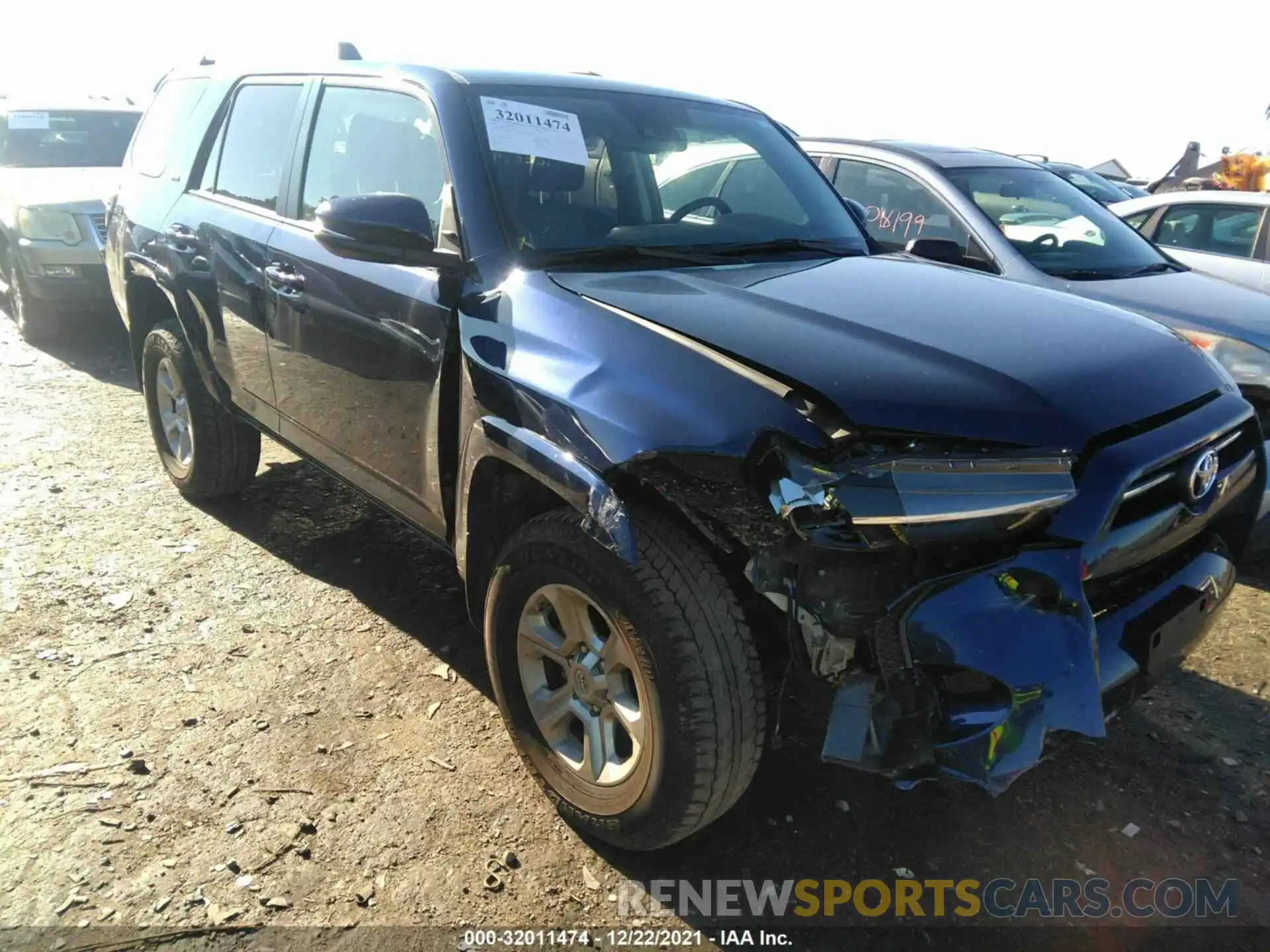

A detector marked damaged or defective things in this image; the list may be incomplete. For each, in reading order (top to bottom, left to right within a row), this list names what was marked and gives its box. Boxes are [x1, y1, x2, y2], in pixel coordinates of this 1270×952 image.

crumpled hood [0, 167, 119, 212]
crumpled hood [551, 257, 1224, 454]
crumpled hood [1062, 269, 1270, 355]
damaged blue suv [104, 56, 1265, 853]
broken headlight [767, 442, 1077, 543]
crushed front end [632, 391, 1259, 792]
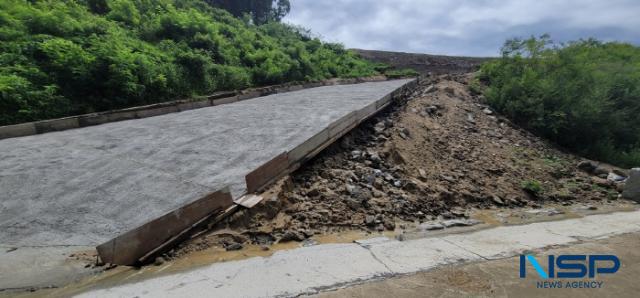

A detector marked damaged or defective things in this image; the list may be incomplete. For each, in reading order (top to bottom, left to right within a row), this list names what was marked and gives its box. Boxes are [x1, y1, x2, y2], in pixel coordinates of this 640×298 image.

cracked concrete edge [0, 75, 410, 141]
cracked concrete edge [74, 211, 640, 296]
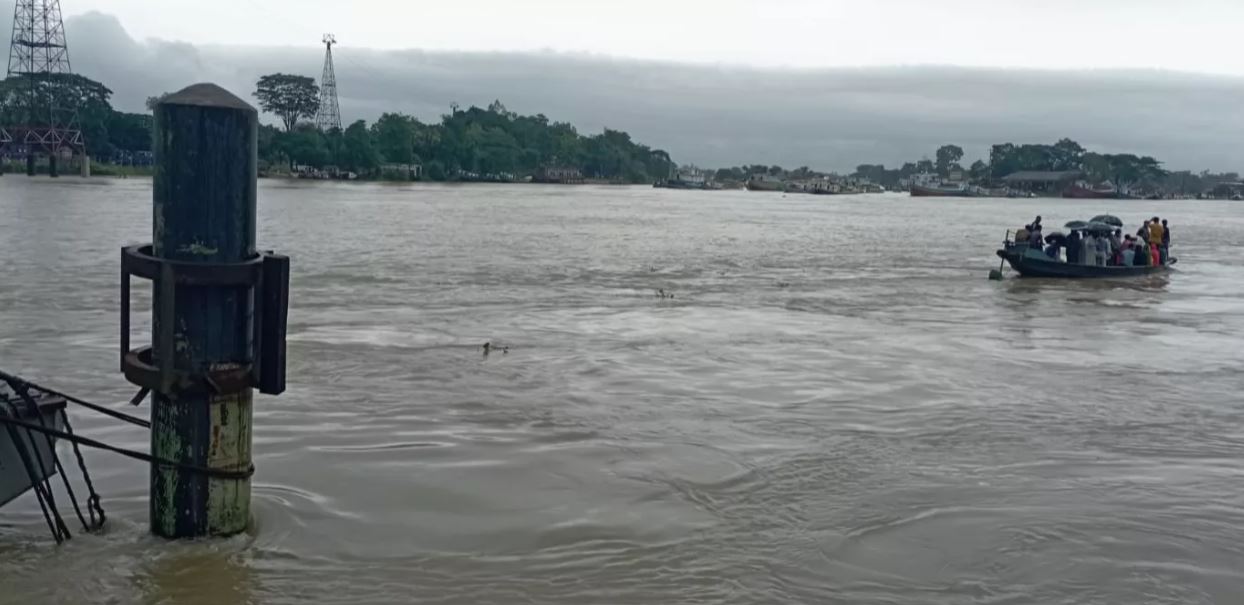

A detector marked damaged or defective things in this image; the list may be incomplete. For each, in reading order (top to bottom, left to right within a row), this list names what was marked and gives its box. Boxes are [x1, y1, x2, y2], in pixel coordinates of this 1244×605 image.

green corroded pillar [151, 82, 258, 536]
rusty metal post [150, 82, 260, 536]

- WORK TASK: Exclude the pictures, and output exactly the lines from the one with "this 640×298 image." through the last line of the records, both included.

- WRITTEN RESPONSE:
A detector marked damaged or defective things in this image; the list may be incomplete. For each, in reading order (top to bottom, left to right within a row), this list names what was marked and gives its box. Boxes are [x1, y1, x2, y2], in pixel coordinates of this 640×298 image.

cracked concrete edge [0, 75, 410, 141]
cracked concrete edge [74, 211, 640, 296]

A detector marked damaged or defective things in this image; the list may be incomplete. For each, in reading order (top to bottom, left to right within a row), this list names what was marked and gives its box. Boxes are [x1, y1, x2, y2], in pixel coordinates of this 1244×605 image.

green corroded pillar [151, 82, 258, 536]
rusty metal post [150, 82, 260, 536]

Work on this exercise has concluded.